Denying 30,000 plus applicants admit cards for the preliminary examination to recruit constables, the West Bengal Police Recruitment Board conducted the exam on 26th September. After issuing admit cards on 6th September, several applications were found rejected for uploading photos with headscarves and for other mistakes while filling the form.
Out of the rejected 30,000, around 1000 forms were that of Muslim girls, solely dismissed for wearing headscarves in the photos attached with the forms. The WBPRM guidelines 2020 clearly state that the applicants’ faces should not be covered in any way in the photos.
“Applicants are advised not to upload images of other objects in place of photograph and signature. The photograph with face/head covering, sunglass/tinted glasses covering the eyes will not be accepted. Photographs cropped from ‘groupies’ or ‘selfies’ shall also be disallowed during the scrutiny,” WBPRM guidelines 2020 reads.
But when Maktoob checked out the guidelines of 2019, there was no mention of face/head covering being unacceptable, which seemed uncanny because this is a recently installed rule.
“Applicants are required to upload a scanned copy of their recent passport size photograph (Preferably coloured) and full signature in JPG format covering the entire space provided for the same. The photograph must be on white background, with 75-80% of the photo occupying the applicant’s face. Applicants are advised not to upload images of other objects in place of photograph and signature,” WBPRM guidelines 2019 read.
Tuhina Khatoon, one of the rejected applicants from Murshidabad, visited the office of West Bengal Police in Biddhanagar to know why her application went dismissed. “I talked to one of the officers and asked him to look at the form, and he told me I was rejected for my headscarf. I reminded him that I am a Muslim and how it’s my fundamental right to follow my religion as the constitution allows me to do so. But he kept on repeating how it is a compulsory rule,” Khatoon says.
“I don’t get it as to why they have such a rule for headscarves even when knowing the fact that Muslim women wear so. They have accepted the applications of Sikh men who wear turbans but not us.
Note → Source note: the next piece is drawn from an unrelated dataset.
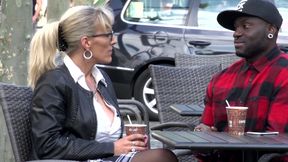 Sex therapist 1 - Lana Vegas - DVD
If they’re following the rule, then why is there an exception for them, alone?” Tuhina Khatoon raised her concerns.
Tuhina told Maktoob how the officer said they can do whatever they want, even go to the supreme court, but no one will listen to their plight.
After failed attempts to get her application accepted, Khatoon said, “We were rushed out of the gate, and another officer threatened that if we don’t leave immediately, not only will we be arrested and but also our careers ruined.”
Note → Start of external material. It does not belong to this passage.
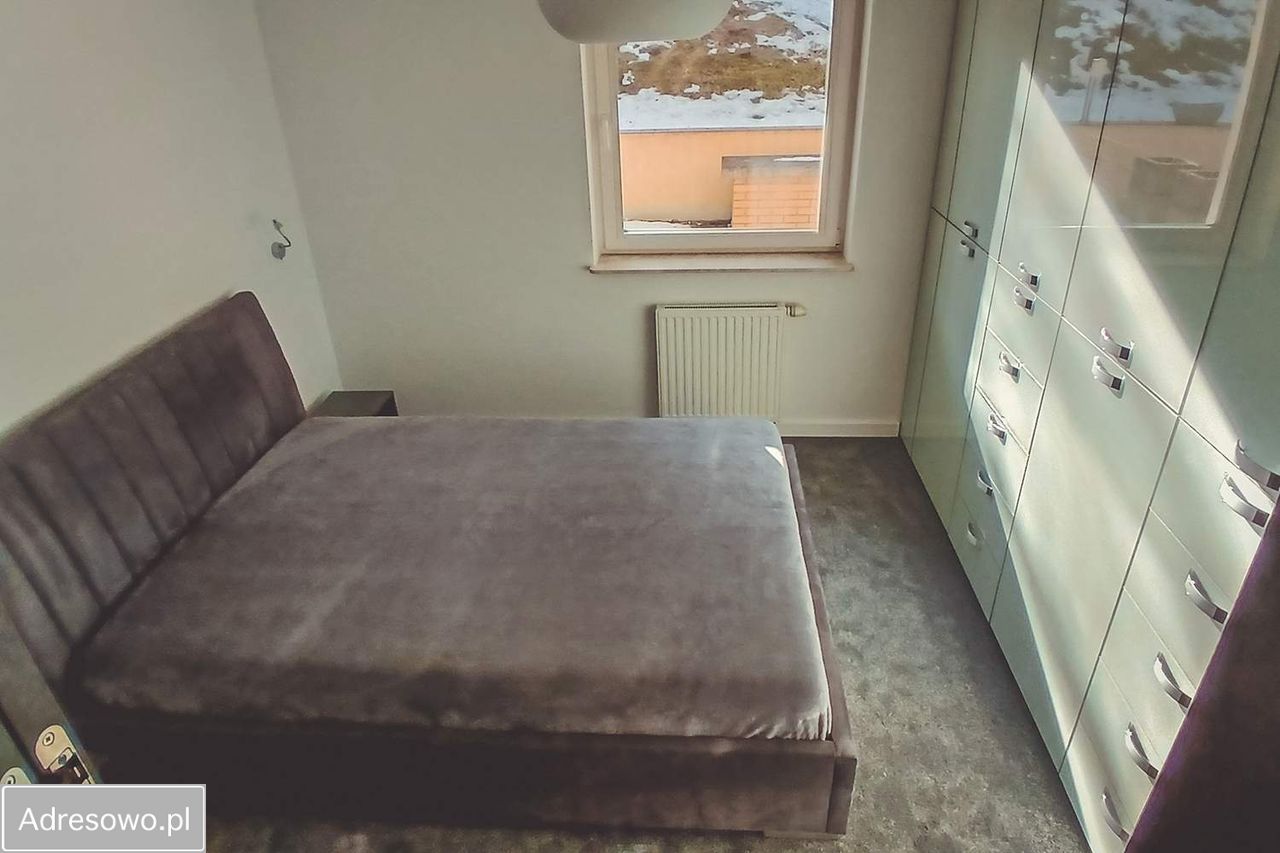 Mieszkanie 3-pokojowe Gdynia Grabówek, ul. Maurycego Beniowskiego. Zdjęcie 5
“I told them how it doesn’t make sense because to identify a candidate in the hall their face has to stay uncovered, not the hair,” says Mafikul Islam, former National Secretary of the Students Islamic Organisation of India
His niece is one of the rejected candidates.
When Islam enquired about the rejection of his niece’s application, he was also told the same reason for the headscarf.
A petition has been filed in the Calcutta High Court by 5 Candidates: Sonamani Khatun, Kubra Khatun, Sarika Parveen Khatun, Hapiza Khatun and Asia Khatun challenging the rule to get it deleted from the guidelines.
“This rule was introduced all of a sudden, even when knowing that Muslim women wear headscarves. It targets the women of my community and denies our right to be educated, our right to work and earn for ourselves”.
Emphasising the necessity to withdraw the rule, Khatoon shares, “We worked so hard for this exam, studied day and night. They can’t target any religion like this. They should think about this. The girls of my community are ambitious; I am ambitious, I want to be educated, and I want to achieve something in life. I want to be an IS officer. I want to help my people. And the reason I wanted to clear the WBPR exam is job security. And the officer who threatened us should apologise for such behaviour.”
Maktoob contacted Mr Subrata Ganguli, one of the WBP board members, who said, “The rule was decided by the board, irrespective of any religion and gender. It is written in the information brochure that no kind of head or face cover is acceptable.
“As far as I have seen, no Punjabi candidate applied for the recruitment. But they were allowed to wear the turban, and at the time of the physical measurement test, we requested them to remove it. When I am applying for any exam, I go through the guidelines, and I agree with the rules if I am applying. The information brochure clearly stated how any head/face cover would lead to rejection of the form”.
Mr Ganguli declined to comment to the new guideline that excludes Muslims.